*** Data supplied

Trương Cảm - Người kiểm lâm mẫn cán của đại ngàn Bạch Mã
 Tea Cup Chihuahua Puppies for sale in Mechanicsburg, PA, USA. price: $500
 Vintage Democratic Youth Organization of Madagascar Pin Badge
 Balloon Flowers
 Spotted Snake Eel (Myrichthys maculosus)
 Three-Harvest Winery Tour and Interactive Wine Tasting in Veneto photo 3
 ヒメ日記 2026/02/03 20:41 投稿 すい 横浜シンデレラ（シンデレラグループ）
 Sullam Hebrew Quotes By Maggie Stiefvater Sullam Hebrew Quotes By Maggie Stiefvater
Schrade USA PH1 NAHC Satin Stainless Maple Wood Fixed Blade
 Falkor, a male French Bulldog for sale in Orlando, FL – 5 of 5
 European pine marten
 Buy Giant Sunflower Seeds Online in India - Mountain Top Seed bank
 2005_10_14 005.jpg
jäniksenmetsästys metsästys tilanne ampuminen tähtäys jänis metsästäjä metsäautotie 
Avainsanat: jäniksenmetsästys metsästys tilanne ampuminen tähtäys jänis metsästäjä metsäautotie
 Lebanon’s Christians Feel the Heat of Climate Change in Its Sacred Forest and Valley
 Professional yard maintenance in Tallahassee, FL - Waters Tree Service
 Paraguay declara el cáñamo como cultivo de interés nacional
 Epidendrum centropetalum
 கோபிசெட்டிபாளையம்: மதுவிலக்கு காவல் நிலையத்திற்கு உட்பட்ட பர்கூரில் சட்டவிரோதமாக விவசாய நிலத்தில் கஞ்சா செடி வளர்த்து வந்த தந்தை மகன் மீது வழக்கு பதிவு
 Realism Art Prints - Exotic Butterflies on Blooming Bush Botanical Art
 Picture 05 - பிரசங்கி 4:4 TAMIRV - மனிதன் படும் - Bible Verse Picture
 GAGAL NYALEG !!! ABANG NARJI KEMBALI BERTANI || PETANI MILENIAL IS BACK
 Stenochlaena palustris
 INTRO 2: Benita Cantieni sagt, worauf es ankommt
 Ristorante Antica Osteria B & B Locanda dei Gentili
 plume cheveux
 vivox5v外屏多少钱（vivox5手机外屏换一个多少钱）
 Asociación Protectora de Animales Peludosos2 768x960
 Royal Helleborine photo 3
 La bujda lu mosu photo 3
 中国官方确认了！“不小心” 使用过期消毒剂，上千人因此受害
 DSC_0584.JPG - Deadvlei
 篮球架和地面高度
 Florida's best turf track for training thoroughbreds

******

What you need to do: Reproduce the listing above character for character.

Task response:
Trương Cảm - Người kiểm lâm mẫn cán của đại ngàn Bạch Mã
 Tea Cup Chihuahua Puppies for sale in Mechanicsburg, PA, USA. price: $500
 Vintage Democratic Youth Organization of Madagascar Pin Badge
 Balloon Flowers
 Spotted Snake Eel (Myrichthys maculosus)
 Three-Harvest Winery Tour and Interactive Wine Tasting in Veneto photo 3
 ヒメ日記 2026/02/03 20:41 投稿 すい 横浜シンデレラ（シンデレラグループ）
 Sullam Hebrew Quotes By Maggie Stiefvater Sullam Hebrew Quotes By Maggie Stiefvater
Schrade USA PH1 NAHC Satin Stainless Maple Wood Fixed Blade
 Falkor, a male French Bulldog for sale in Orlando, FL – 5 of 5
 European pine marten
 Buy Giant Sunflower Seeds Online in India - Mountain Top Seed bank
 2005_10_14 005.jpg
jäniksenmetsästys metsästys tilanne ampuminen tähtäys jänis metsästäjä metsäautotie 
Avainsanat: jäniksenmetsästys metsästys tilanne ampuminen tähtäys jänis metsästäjä metsäautotie
 Lebanon’s Christians Feel the Heat of Climate Change in Its Sacred Forest and Valley
 Professional yard maintenance in Tallahassee, FL - Waters Tree Service
 Paraguay declara el cáñamo como cultivo de interés nacional
 Epidendrum centropetalum
 கோபிசெட்டிபாளையம்: மதுவிலக்கு காவல் நிலையத்திற்கு உட்பட்ட பர்கூரில் சட்டவிரோதமாக விவசாய நிலத்தில் கஞ்சா செடி வளர்த்து வந்த தந்தை மகன் மீது வழக்கு பதிவு
 Realism Art Prints - Exotic Butterflies on Blooming Bush Botanical Art
 Picture 05 - பிரசங்கி 4:4 TAMIRV - மனிதன் படும் - Bible Verse Picture
 GAGAL NYALEG !!! ABANG NARJI KEMBALI BERTANI || PETANI MILENIAL IS BACK
 Stenochlaena palustris
 INTRO 2: Benita Cantieni sagt, worauf es ankommt
 Ristorante Antica Osteria B & B Locanda dei Gentili
 plume cheveux
 vivox5v外屏多少钱（vivox5手机外屏换一个多少钱）
 Asociación Protectora de Animales Peludosos2 768x960
 Royal Helleborine photo 3
 La bujda lu mosu photo 3
 中国官方确认了！“不小心” 使用过期消毒剂，上千人因此受害
 DSC_0584.JPG - Deadvlei
 篮球架和地面高度
 Florida's best turf track for training thoroughbreds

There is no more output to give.